Mail packages early in December to avoid longer lines at the post office and ensure they will arrive in time. Or, better yet, sign up with Stamps.com or another online postage service and avoid the lines altogether. You can mail large packages without standing in any lines — as long as you have an accurate way to weigh them before you purchase the postage online. Once you have added the correct postage (printed from your computer), you can drop the packages off at the loading dock of your local post office and avoid those long lines.
5. Thoughtfully plan your gift-giving.
Give from the heart, not out of obligation. Decide whom you choose to give to and make a list. This will help you avoid overspending through impulse buying.
If you think back to the most cherished gifts you have received, they are often homemade or from the heart. A gift of time — such as a gift certificate redeemable for an activity you can do together — can be very meaningful. Among the most prized gifts I’ve ever received have been homemade cards with a heartfelt note written inside. Value goes far beyond the cost of the gift.
A great resource for homemade gift ideas is a book called The Perfect Mix. It contains creative edible gift ideas, including wrapping suggestions and tag instructions, along with a source guide for supplies. The book offers more than 90 recipes for soups, breads, muffins, cookies, and other gifts. The gifts I’ve created from this book have been very well received and appreciated.
Instead of exchanging gifts with friends, consider having a holiday or post-holiday party with them.
Avoid parking hassles, gridlock traffic around the malls, and long lines at the register by shopping online and through catalogs. A number of retail stores now offer merchandise online, as well. If you are purchasing a gift that needs to be mailed, you can arrange to have it sent directly to the recipient, thus avoiding the extra steps of wrapping, labeling, and mailing the gift.
Wrapping gifts can take a lot of time. Instead of wrapping all of them, use a gift bag with a nice bow tied at the top, or use a decorated gift box.
Consider giving an alternative gift to a friend or loved one by giving to a charity in their name. One of my favorite charities is Heifer Project International. Through living gifts of animals, HPI is helping families worldwide to become self-reliant. You can buy an animal that can change the life of a hungry family and at the same time honor family and friends. Visit HPI’s “gift catalog” at http://catalog.heifer.org/index.cfm.
6. Spread holiday cheer with those in need.
Volunteer to serve a holiday meal to the homeless, work in a soup kitchen, or work at a food bank.
Adopt a family for the holidays and provide them with gifts or holiday foods.

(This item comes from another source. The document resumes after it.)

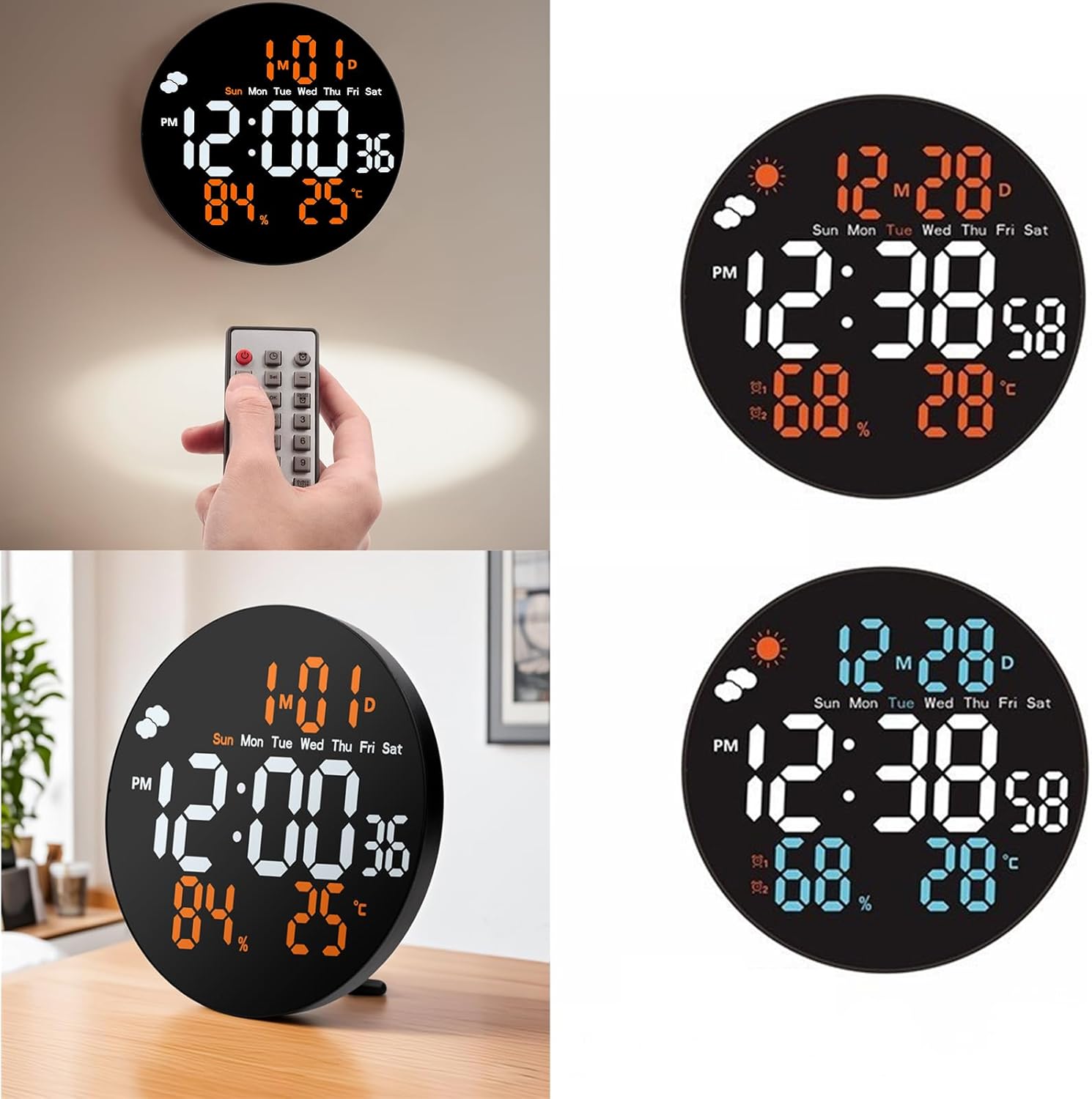 LED Digital Calendar Clock Temperature Humidity Detector Programmable Alarms 12/24 Hour Format Weather Indicators Digital Wall Clock with Temperature and Humidity Digital Desk Clock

Many churches and non-profit organizations can match you with a needy family.
Look for a Giving Tree in your local retail stores. The tree is filled with cards that list a specific gift desired by someone in need. You select a card off the tree, purchase the suggested gift listed on the card, and return the gift to the tree with the card attached. The store wraps the gift and delivers it to the intended recipient.
The end of the tax year is a great time to review your budget and consider a year-end gift to your favorite charities. This can represent a significant tax deduction if you itemize, while doing great things locally and globally.
7. Use your calendar to help organize your time to reflect your priorities.
Once you are clear about your intentions, calendar them in. Writing them down for follow-up on a specific date will help you to remember to do it and will keep things from falling to the last minute. In other words, make appointments with yourself to follow through with specific tasks by a specific time. As you prepare for the holidays, remember that the greatest gifts of all won’t be found under the gift wrap. They’ll be found in those special moments when you make a heart connection with those you care about.